Waiting for a flight? Take in a gallery show

The Wilmington International Airport has partnered with The Arts Council of Wilmington and New Hanover County to showcase varying arts in Southeastern North Carolina. Just behind the terminal’s entrance rests a gallery that displays the works local artists have to offer.

The opening reception was held in December, and the gallery continues to update to greet passengers flying in and out of the Port City.

Artists in the first exhibit, called Flight, included works by Judy Hintz Cox, Kristen Crouch, Elizabeth Darrow, Dumay Gorham, Janette Hopper, Joan McLoughlin, Randy McNamara, Sean Ruttkay, and Michael Van Hout.
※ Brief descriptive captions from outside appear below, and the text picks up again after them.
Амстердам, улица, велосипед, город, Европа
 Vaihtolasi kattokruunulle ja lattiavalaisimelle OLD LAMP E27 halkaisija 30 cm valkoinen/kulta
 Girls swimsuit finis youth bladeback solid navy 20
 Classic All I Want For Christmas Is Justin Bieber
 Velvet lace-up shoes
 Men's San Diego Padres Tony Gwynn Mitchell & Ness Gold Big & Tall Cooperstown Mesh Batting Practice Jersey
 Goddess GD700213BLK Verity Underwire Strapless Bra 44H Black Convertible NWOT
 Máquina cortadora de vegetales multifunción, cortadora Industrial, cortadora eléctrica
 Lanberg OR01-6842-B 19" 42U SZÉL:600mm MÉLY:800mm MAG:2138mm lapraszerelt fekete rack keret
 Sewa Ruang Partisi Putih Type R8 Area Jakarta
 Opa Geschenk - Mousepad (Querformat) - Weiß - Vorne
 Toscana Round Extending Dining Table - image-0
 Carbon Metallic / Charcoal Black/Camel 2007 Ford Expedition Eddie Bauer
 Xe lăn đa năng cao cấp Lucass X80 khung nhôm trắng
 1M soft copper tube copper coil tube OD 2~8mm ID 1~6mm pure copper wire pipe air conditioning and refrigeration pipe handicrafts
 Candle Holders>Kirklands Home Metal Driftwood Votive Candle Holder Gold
“We have been thrilled by the reception. Local artists are grateful for the exposure, the airport is excited about activating what had been dormant space, and travelers say they appreciate learning more about the fine arts on offer in Wilmington,” says Rhonda Bellamy, executive director of the arts council.

But, why an airport art gallery? The answer is simple: It’s popular.

“After several discussions with ILM officials, we knew it was an idea whose time had arrived,” Bellamy says. “One of the arts council’s core functions is to showcase the region as an arts destination. The ILM Gallery allows us to curate arts experiences for the 818,000 passengers flying in and out of the airport each year.”

And though a recent addition for ILM, it’s not an entirely new idea. Airports around the world have been incorporating galleries at their facilities, Bellamy points out. It also helps foster a larger sense of “place” for those flying in and flying out of a region.

Haneda Airport in Tokyo, for example, featured human-shaped plastic balloons that floated effortlessly in the air as a public art installation inside its concourse. And London’s Heathrow Airport used its T5 Gallery (in its Terminal 5) to exhibit British art during the 2012 Olympic Games. The list could go on and on.

“I moved here eleven years ago enticed by the beauty of the area and the friendliness of its residents. I immediately sought out artists in my neighborhood and in galleries. It was a vibrant arts scene as it is now,” says Chris Bloom (above), one of the artists whose pieces was included in the ILM Gallery’s spring installation.

At the moment, the exhibition on display is LOCAL.

LOCAL features paintings and photography that Bellamy says are meant to create a distinct sense of place. Bloom’s piece reflects the area’s watery habitats.

“I love to paint outdoor landscapes, called plein air painting and have participated in many Paint Outs,” she says. “I painted at the Azalea Festival in the gardens and Paint Out Wilmington, the week of May 1.”

Bellamy says she and the council are hopeful that this level of gallery exposure for local artists will stimulate their sales. And, providing a greater awareness about the artists who live and breathe within Wilmington will, perhaps, create a greater sense of appreciation for artists in the area, Bellamy adds.

Right now, the gallery is set to change pieces quarterly. The next exhibit scheduled is B-40, which will be open to artists under forty years of age from counties that abut Interstate 40. The exhibit is slated to be on display May 19-August 18.